■ TASK TO CARRY OUT: Only one stretch of the data below is wanted: the lines from the one with "Pen Roller Belius BB240" through the one with "Minecraft 1.8 Skyblock Server (IP in Desc.)", repeated exactly.

■ ENTRIES PROVIDED:
***
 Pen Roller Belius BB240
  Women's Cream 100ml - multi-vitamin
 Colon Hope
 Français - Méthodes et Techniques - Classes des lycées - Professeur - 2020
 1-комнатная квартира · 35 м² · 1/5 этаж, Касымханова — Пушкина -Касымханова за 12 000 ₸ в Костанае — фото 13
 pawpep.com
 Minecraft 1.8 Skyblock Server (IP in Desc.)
***
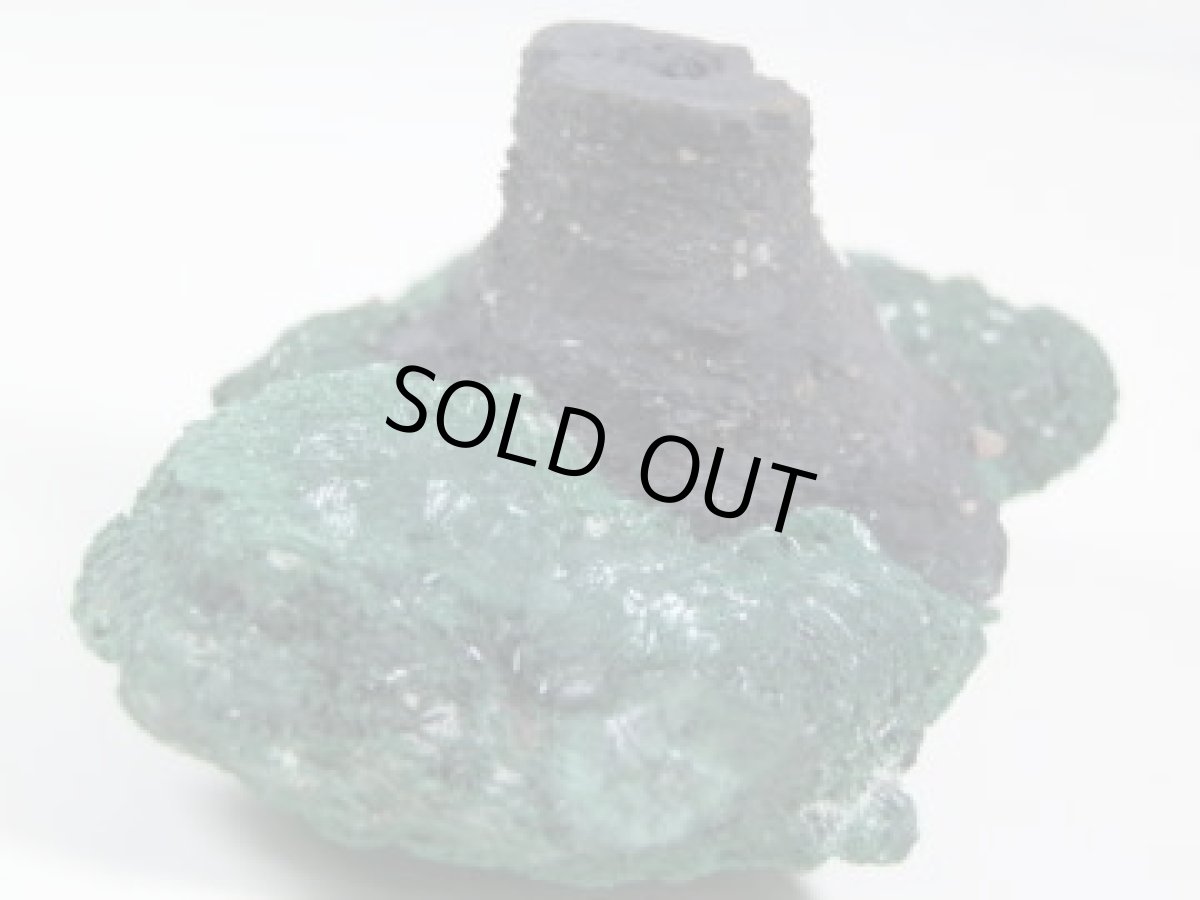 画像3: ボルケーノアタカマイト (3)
***
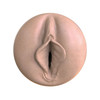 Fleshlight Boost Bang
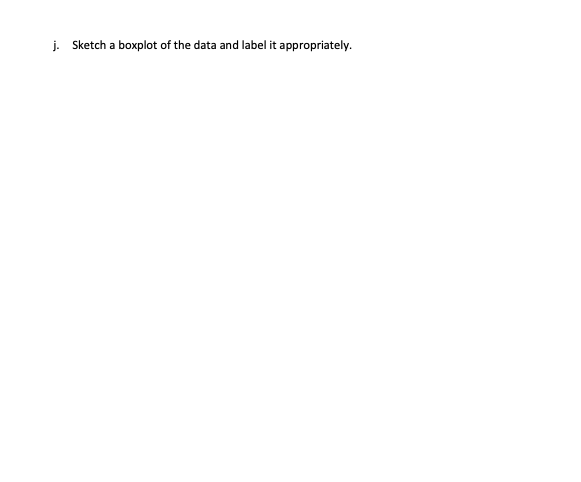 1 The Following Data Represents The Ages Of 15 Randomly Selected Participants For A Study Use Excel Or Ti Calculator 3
***
■ REPLY:
 Pen Roller Belius BB240
  Women's Cream 100ml - multi-vitamin
 Colon Hope
 Français - Méthodes et Techniques - Classes des lycées - Professeur - 2020
 1-комнатная квартира · 35 м² · 1/5 этаж, Касымханова — Пушкина -Касымханова за 12 000 ₸ в Костанае — фото 13
 pawpep.com
 Minecraft 1.8 Skyblock Server (IP in Desc.)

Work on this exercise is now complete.